### ASSIGNMENT
Your answer must be a word-for-word copy of the listing below, minus its pictures.

### INPUT DATA

= Beginning of Section =

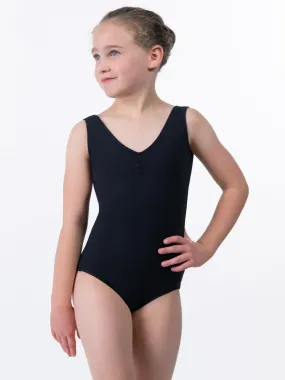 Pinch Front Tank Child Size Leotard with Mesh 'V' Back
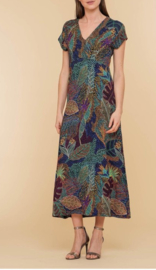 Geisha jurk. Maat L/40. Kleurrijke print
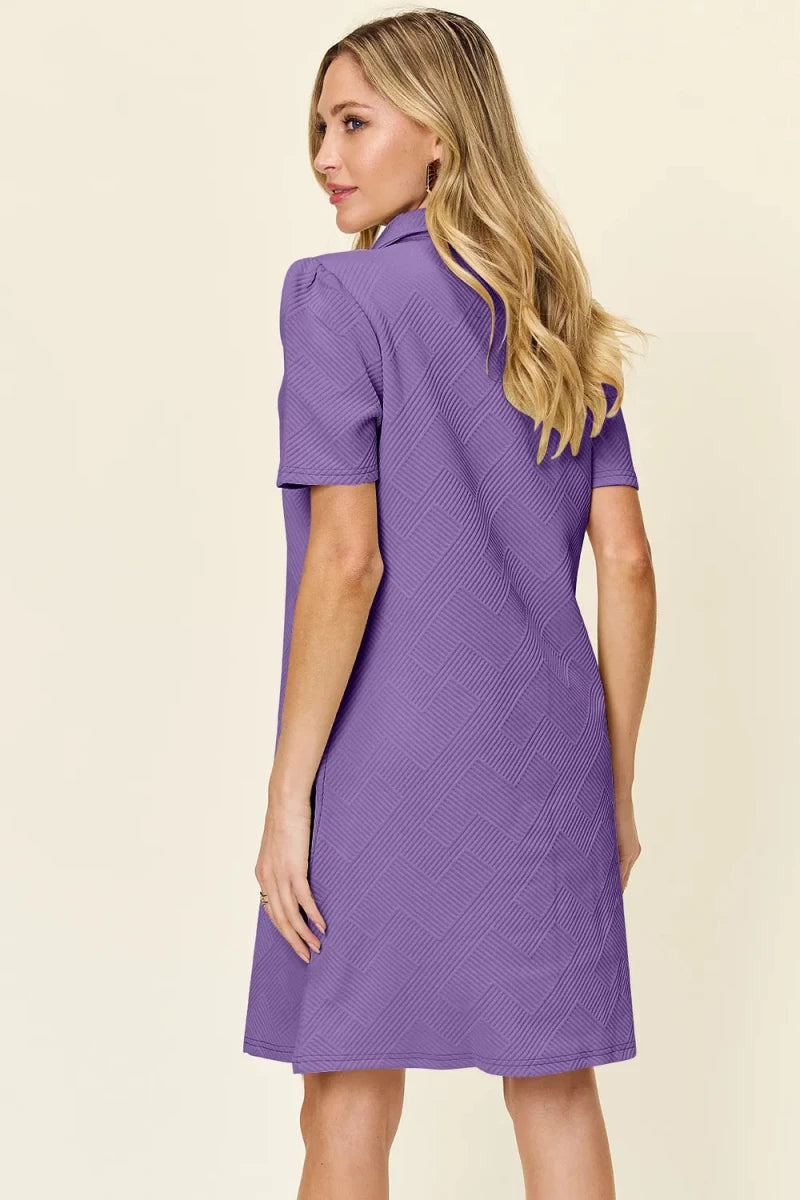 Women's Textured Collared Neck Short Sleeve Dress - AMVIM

= End of Section =

### RESULT OF THE EXERCISE
 Pinch Front Tank Child Size Leotard with Mesh 'V' Back
 Geisha jurk. Maat L/40. Kleurrijke print
 Women's Textured Collared Neck Short Sleeve Dress - AMVIM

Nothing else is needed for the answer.